===== Material for this exercise

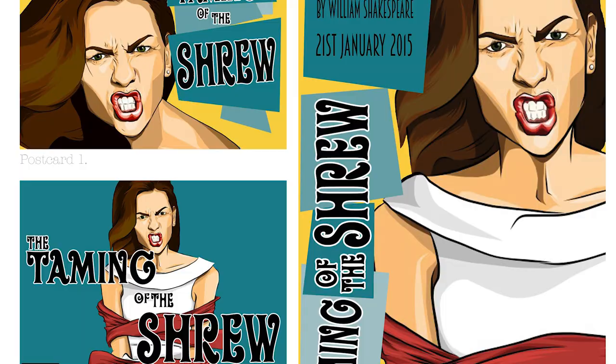Visual communication courses at Ayrshire College prepare students for a role in the creative industries in the areas of graphic design, illustration and animation, and our courses concentrate on these three areas.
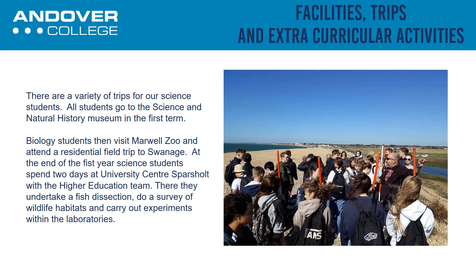There are a variety of trips for our science students. All students go to the science and natural history museums in the first term. Biology students then attend Marwell and later a residential field trip in Swanage. At the end of the first year, all science students spend two days at Sparsholt College with the HE team, where they undertake a fish dissection, survey wildlife habitats and carry out experiments within the laboratories.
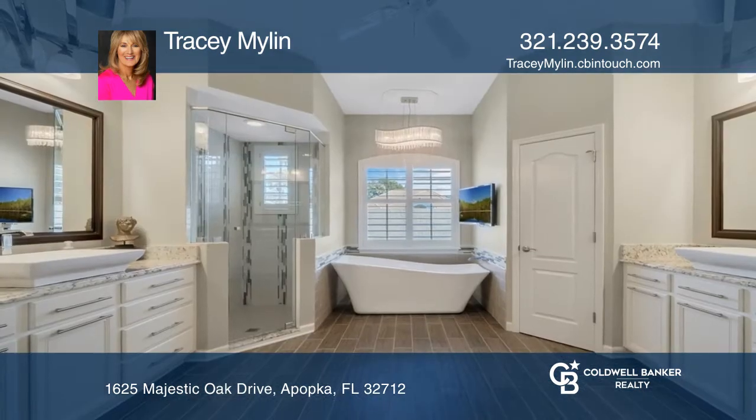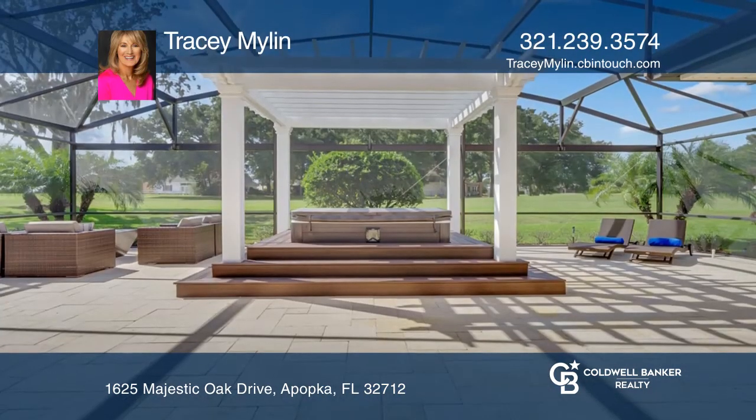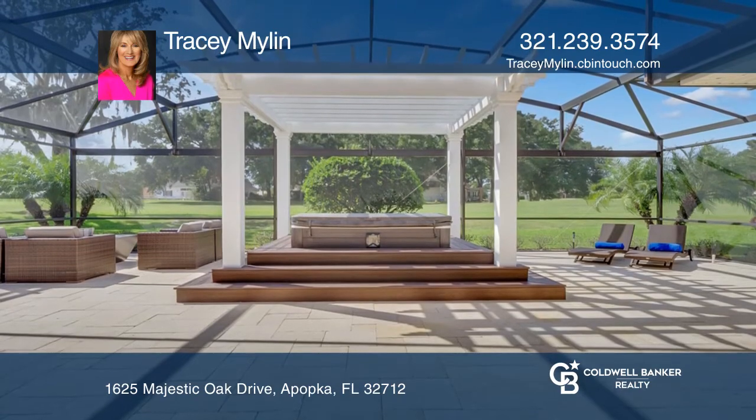The family room features a wood-burning fireplace. The primary bedroom is spacious with a bathroom that has a freestanding tub, water closet, and separate vanities.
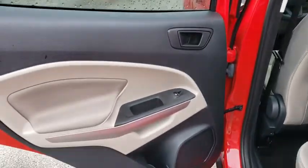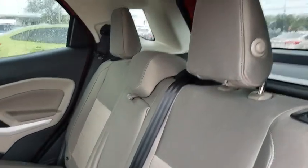If affordable style and reliability are what you're looking for, this vehicle couldn't be more perfect. Drive it today!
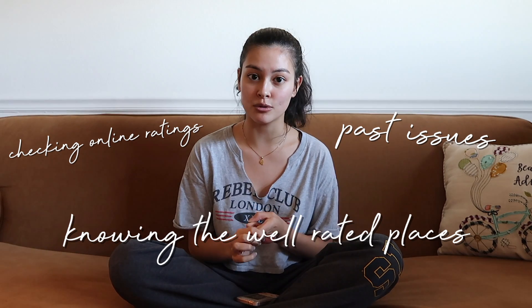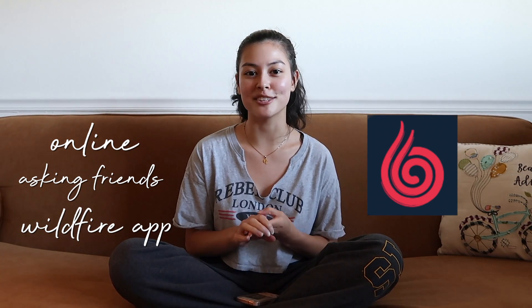Step two is research. In Davis, there are so many apartments because we're so close to a college campus and this town is very UC Davis-centered. Research is really important — you want to see what ratings certain apartments have, if any have had issues in the past, or if there are well-rated ones that a lot of Davis students flock towards. Whether it be online, asking upperclassmen friends, or using the app Wildfire — which gives honest opinions about college life — do your research and ask whether apartments are worth living in.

==========

Exercise prompt: Among the entries above, take the lines from the one with "The family room" through the one with "If affordable style" and retype them exactly, leaving out the pictures.

Task solution:
The family room features a wood-burning fireplace. The primary bedroom is spacious with a bathroom that has a freestanding tub, water closet, and separate vanities.
If affordable style and reliability are what you're looking for, this vehicle couldn't be more perfect. Drive it today!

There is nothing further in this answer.